EXERCISE DESCRIPTION.
Exclude all pictures, and reproduce exactly the lines from the one containing "Pendentifs en perles" through the end of the records, with nothing else added.

-- INFORMATION SHOWN follows --

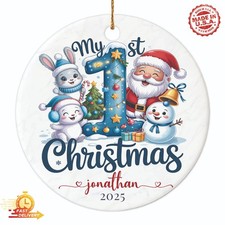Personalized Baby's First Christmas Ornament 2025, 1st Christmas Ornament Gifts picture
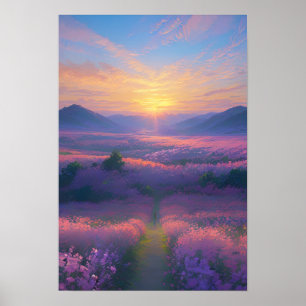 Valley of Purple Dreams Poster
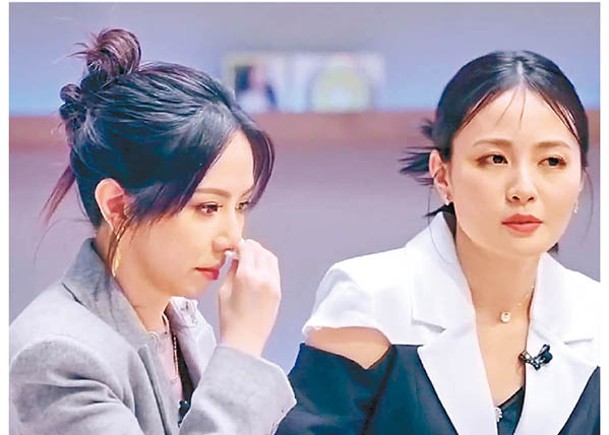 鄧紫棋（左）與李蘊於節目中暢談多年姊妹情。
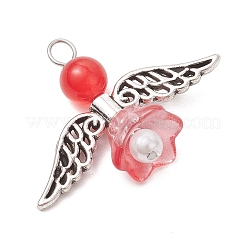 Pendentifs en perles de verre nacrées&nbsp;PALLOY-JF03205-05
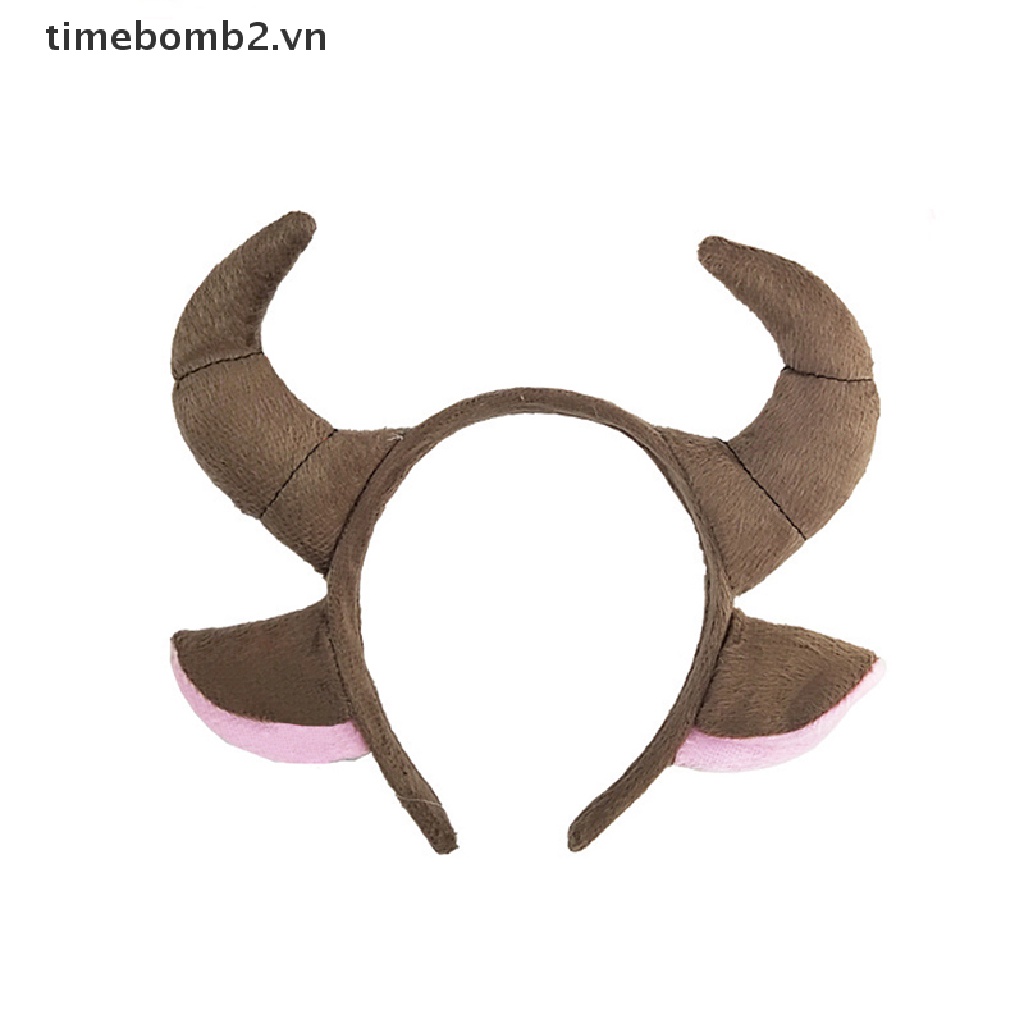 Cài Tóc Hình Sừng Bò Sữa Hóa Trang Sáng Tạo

-- INFORMATION SHOWN concluded --

WORKED SOLUTION.
 Pendentifs en perles de verre nacrées&nbsp;PALLOY-JF03205-05
 Cài Tóc Hình Sừng Bò Sữa Hóa Trang Sáng Tạo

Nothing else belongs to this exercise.